Signal Hub consists of four integrated components that collaborate seamlessly to operationalize end-to-end Big Data advanced analytics for the enterprise.
Integrated Development Environment (IDE)
Knowledge Center (KC)
Signal Hub Manager
Signal Hub Server
Data Flow Engine
Operational Graph Database
Key Components and Functionality
- Data Ingestion. With its prebuilt ETL functionality, Signal Hub allows users to upload and normalize data from structured and unstructured data sources, such as SQL-based RDBMS, HDFS, Cassandra, and many more.
- Signal API. The IDE features an easy-to-use declarative language that easily identifies data sets and codifies the associated Signals.

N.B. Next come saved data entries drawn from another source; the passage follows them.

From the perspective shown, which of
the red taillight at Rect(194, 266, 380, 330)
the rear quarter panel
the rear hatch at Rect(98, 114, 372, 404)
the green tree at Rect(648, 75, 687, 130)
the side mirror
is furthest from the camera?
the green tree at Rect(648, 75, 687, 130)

- Execution Engine. Managing the data flow across the entire analytics workflow, the execution engine provides seamless integration between stages.

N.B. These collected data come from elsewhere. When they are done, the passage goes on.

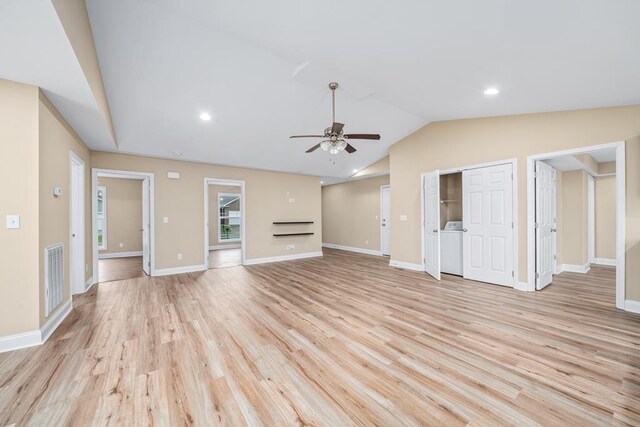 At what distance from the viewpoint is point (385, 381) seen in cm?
185

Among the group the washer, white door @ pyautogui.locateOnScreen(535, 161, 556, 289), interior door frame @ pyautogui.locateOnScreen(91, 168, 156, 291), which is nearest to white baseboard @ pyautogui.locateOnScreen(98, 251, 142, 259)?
interior door frame @ pyautogui.locateOnScreen(91, 168, 156, 291)

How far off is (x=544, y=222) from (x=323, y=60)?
4.35 meters

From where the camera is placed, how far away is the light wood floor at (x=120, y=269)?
516cm

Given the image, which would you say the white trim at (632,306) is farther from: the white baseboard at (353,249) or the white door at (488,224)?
the white baseboard at (353,249)

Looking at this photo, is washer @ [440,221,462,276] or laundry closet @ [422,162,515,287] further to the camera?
washer @ [440,221,462,276]

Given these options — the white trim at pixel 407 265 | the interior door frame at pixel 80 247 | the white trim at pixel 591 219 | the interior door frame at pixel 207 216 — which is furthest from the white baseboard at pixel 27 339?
the white trim at pixel 591 219

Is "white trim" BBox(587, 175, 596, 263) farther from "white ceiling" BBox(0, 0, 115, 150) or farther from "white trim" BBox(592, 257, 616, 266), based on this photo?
"white ceiling" BBox(0, 0, 115, 150)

- Signal Library. This repository of ready-to-use Signals is based on real-world business use cases that users can apply directly to their data.
- External Code Integration & Augmentation. Prebuilt code in Python, R, and other popular languages allows users to extend their library and data manipulation possibilities.

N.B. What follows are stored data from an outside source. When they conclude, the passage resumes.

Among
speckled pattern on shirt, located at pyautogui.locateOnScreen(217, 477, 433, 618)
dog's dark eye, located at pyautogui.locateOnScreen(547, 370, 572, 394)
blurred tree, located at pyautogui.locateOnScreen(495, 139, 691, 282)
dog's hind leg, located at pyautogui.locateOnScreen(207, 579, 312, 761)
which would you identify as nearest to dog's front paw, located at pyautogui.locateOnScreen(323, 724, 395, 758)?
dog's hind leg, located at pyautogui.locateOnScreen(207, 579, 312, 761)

- Modeling Tools Plug-in. Interoperate with R, SAS, IBM SPSS, and other popular analytical tools by consuming existing models built in any PMML-compliant format.
- Visualization Tools. Signal Hub provides native visualization and extends that visualization to BI tools, enterprise applications, or execution systems to which you export data from Signal Hub.
- External APIs. An open API allows you to service data requests from external applications.
- Third-Party Data Enrichment. Built-in hooks interface with third-party data sources, allowing users to combine external data (third-party proprietary or publicly available) with data that your business owns and generates, enabling more sophisticated and accurate analysis.